In a recent interview, psychiatrist and Buddhist practitioner, Mark Epstein spoke about how we really don’t know what the next moment is going to bring and this is challenging for us because our tendency is to constantly try and imagine what the next moment will be like for us. This is one of the habitual tendencies of the mind – to forecast into the future. We also try and build security through the ways in which we habitually engage in the external world: through having things and doing things; by living outwardly rather than inwardly. Lockdown forces us inward as the doors to an outward are closed.
Stephen Batchelor also refers to this: how, through this outward orientation, our lives tend to leek away; we tend to dissolve ourselves into the world. In this regard, lockdown is an opportunity for re-collecting ourselves. Relative solitude allows for this. But solitude is not about a place or a space. According to Batchelor, it is a practice, an art form, any process that gives us access to our interiority – art, literature, poetry, dance or meditation.

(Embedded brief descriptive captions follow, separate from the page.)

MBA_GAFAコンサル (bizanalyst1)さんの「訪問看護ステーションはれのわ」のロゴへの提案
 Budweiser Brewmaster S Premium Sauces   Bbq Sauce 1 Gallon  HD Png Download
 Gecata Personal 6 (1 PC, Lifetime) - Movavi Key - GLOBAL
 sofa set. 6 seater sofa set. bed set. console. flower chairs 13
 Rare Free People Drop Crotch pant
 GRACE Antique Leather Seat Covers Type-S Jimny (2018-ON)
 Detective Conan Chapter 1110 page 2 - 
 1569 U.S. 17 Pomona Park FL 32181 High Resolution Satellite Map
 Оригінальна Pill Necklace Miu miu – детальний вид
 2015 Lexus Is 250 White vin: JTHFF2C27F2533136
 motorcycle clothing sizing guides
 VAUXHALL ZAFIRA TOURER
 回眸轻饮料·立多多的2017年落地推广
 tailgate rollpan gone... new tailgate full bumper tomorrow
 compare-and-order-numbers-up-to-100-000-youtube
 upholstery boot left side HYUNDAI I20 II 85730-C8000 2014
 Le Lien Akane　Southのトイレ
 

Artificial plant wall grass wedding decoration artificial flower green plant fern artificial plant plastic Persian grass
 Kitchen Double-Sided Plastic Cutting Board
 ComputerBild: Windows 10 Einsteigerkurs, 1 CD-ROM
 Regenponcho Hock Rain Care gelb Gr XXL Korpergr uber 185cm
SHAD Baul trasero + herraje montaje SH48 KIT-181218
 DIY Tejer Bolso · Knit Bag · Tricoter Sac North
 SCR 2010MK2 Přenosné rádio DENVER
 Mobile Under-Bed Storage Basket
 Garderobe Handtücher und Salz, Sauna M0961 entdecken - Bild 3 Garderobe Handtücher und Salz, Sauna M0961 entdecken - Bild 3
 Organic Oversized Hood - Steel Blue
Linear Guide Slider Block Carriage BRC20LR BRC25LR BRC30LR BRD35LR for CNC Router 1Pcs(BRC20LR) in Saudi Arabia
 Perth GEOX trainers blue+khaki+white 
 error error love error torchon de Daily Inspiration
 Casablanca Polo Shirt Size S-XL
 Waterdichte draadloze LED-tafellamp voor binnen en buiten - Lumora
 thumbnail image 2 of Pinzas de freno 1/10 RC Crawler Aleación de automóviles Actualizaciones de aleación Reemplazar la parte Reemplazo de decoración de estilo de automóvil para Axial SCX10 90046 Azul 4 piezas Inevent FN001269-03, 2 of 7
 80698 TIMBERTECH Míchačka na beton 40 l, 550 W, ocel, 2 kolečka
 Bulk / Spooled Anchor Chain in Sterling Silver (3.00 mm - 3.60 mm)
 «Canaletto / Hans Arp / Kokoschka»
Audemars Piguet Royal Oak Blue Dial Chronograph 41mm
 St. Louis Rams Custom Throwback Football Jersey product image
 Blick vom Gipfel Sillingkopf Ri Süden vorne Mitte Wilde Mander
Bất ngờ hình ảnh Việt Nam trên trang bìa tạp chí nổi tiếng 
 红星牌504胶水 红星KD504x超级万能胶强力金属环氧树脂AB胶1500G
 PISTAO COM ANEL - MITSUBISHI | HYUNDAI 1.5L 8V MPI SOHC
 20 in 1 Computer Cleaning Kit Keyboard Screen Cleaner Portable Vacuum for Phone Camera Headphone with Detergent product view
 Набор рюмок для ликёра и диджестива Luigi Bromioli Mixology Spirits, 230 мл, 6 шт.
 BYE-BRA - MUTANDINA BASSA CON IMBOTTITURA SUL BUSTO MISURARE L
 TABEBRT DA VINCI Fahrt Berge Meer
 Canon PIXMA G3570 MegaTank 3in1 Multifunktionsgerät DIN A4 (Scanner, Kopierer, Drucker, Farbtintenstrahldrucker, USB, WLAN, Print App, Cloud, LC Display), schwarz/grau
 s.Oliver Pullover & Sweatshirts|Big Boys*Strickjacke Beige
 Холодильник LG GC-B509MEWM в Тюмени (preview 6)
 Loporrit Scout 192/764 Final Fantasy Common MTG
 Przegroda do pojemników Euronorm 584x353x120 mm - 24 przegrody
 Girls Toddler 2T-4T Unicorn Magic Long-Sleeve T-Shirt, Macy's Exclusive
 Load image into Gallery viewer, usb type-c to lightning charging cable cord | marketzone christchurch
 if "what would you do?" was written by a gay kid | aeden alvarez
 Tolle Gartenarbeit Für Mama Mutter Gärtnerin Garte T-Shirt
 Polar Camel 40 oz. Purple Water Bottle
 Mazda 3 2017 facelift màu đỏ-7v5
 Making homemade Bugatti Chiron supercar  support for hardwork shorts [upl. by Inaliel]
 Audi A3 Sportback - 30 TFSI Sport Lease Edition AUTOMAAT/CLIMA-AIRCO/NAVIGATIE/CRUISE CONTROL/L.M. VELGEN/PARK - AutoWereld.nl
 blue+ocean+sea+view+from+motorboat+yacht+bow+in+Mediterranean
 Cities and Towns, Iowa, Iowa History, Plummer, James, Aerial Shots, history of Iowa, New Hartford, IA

At any given moment we are telling ourselves stories about our lives. Relative solitude allows us to bring some awareness to this more hidden, interior, storying process. Somehow, being open to this interiority has been considered taboo. We are, from young, encouraged to focus on the world out there rather than the universe inside ourselves.
To some extent, the interruption of everything habitual and recognisable to us “out there”, is a psychological gift, an invitation to turn inward. Even if, for now, we just take an initial peak. It’s a good start and it’s amazing what you might just find. You might just find that the only certainty available to you is to know what is happening while it is happening, inside you, in the here and now.